• [WORK TASK]
Each line of the records that holds "Trendy" should be shown in full.

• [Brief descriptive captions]
● ● ● ● ● ● ●

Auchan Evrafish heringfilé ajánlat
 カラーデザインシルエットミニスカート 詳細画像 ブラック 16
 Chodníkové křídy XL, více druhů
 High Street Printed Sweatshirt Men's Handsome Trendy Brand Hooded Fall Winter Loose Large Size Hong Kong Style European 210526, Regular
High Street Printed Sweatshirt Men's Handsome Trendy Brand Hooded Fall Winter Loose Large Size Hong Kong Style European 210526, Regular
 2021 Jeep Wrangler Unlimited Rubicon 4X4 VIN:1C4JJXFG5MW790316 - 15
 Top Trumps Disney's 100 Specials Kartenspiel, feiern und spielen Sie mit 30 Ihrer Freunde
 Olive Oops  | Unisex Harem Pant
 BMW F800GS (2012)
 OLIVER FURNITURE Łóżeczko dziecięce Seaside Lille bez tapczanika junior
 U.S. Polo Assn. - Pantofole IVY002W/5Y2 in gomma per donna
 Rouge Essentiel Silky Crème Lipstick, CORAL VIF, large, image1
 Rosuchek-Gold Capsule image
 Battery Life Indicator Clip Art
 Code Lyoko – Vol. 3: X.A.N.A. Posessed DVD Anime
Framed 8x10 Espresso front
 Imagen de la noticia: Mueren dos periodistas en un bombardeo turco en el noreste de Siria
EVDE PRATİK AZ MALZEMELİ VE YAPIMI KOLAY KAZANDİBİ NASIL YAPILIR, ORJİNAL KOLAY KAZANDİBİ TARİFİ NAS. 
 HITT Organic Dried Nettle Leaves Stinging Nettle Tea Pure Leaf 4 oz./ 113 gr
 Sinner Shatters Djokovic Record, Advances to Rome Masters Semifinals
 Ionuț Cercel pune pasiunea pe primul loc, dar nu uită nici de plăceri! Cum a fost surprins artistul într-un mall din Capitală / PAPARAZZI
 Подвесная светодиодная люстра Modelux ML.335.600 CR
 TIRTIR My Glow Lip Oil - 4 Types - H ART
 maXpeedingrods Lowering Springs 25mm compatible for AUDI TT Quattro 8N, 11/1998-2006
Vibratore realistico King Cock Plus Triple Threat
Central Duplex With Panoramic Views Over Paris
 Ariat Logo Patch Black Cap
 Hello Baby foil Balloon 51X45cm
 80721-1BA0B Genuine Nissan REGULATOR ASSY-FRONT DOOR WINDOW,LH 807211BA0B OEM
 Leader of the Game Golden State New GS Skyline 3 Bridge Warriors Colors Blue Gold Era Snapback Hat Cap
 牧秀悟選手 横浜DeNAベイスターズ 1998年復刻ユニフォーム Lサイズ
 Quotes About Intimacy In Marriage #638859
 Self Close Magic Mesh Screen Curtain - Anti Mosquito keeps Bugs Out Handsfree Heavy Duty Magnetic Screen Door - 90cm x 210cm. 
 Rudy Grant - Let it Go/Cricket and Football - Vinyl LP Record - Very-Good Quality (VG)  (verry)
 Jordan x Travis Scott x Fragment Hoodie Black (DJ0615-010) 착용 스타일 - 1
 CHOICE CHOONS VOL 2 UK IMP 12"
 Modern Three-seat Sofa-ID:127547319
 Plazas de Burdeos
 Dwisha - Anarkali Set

● ● ● ● ● ● ●

• [EXERCISE ANSWER]
 High Street Printed Sweatshirt Men's Handsome Trendy Brand Hooded Fall Winter Loose Large Size Hong Kong Style European 210526, Regular
High Street Printed Sweatshirt Men's Handsome Trendy Brand Hooded Fall Winter Loose Large Size Hong Kong Style European 210526, Regular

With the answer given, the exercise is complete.